Frequently Asked Questions
Why is construction lumber graded? Who uses this information?
Lumber is graded to ensure that it consistently meets certain strength standards. Architects and engineers design load-bearing structures based on the characteristics of a wood's grade and species, in accordance with federal and local building codes. Grading each piece of lumber makes it easier for builders to select the appropriate strength lumber for a job.
How is construction lumber graded?
Lumber is graded at the lumber mill using federal government standards. These standards were created through exhaustive testing of lumber species, size and every type of defect. As a result, when lumber is graded, you can be sure that its properties are the same as those of all the other pieces of lumber with that grade.
What are defects, and how do they affect grade?
Defects are important grading criteria. Too many defects can weaken the lumber and lower the grade. Here are some of the most common defects.
Wane — The area along the edge of the lumber where wood is missing or where bark is present. Small amounts of wane don't actually weaken the wood, but they do make the wood less attractive.
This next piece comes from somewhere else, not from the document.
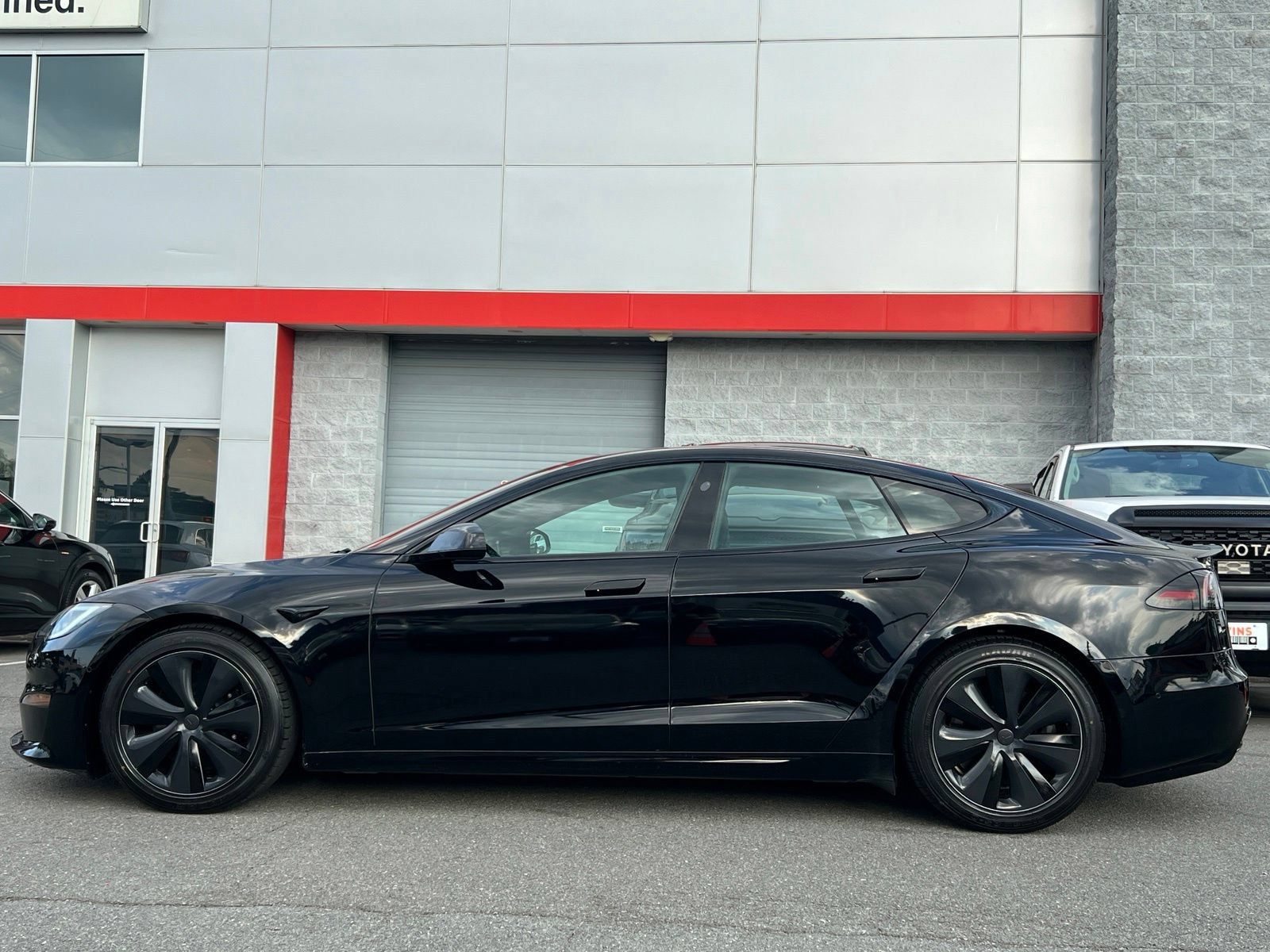 Used 2022 Tesla Model S Plaid AWD/4WD image 26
Splits — Lengthwise separations running completely through the wood. Splits definitely weaken the lumber.
Checks — Separations along the length of the wood. Like splits, checks weaken the lumber.
Crook — A lengthwise curvature of the wood along its narrow edge, which makes it less suitable for structures.
Bow — A lengthwise curvature of the wood along its wide edge. Because the lumber is not square, it's less suitable for structures and more difficult to apply.
Cup — A curvature along the width of the wood, so the piece isn't flat, but arced. As with bowed lumber, cupped lumber is not square - it's less suitable for structural use, and more difficult to apply.
Wood's biggest enemy is moisture and moisture change. Moisture change can causes all the defects listed above, except for wane. To protect against moisture and corresponding defects, wood must be rotated and culled. Sales associates at The Home Depot store are trained on rotation and these defects, and they cull any defective lumber daily so you always get quality lumber. They also flat stack lumber to minimize future culling.
What is a grade stamp, and how do I read it?
Once the grading process is complete, the wood is stamped. All states require structural lumber to be stamped, and building officials check for appropriate stamps on lumber at every jobsite.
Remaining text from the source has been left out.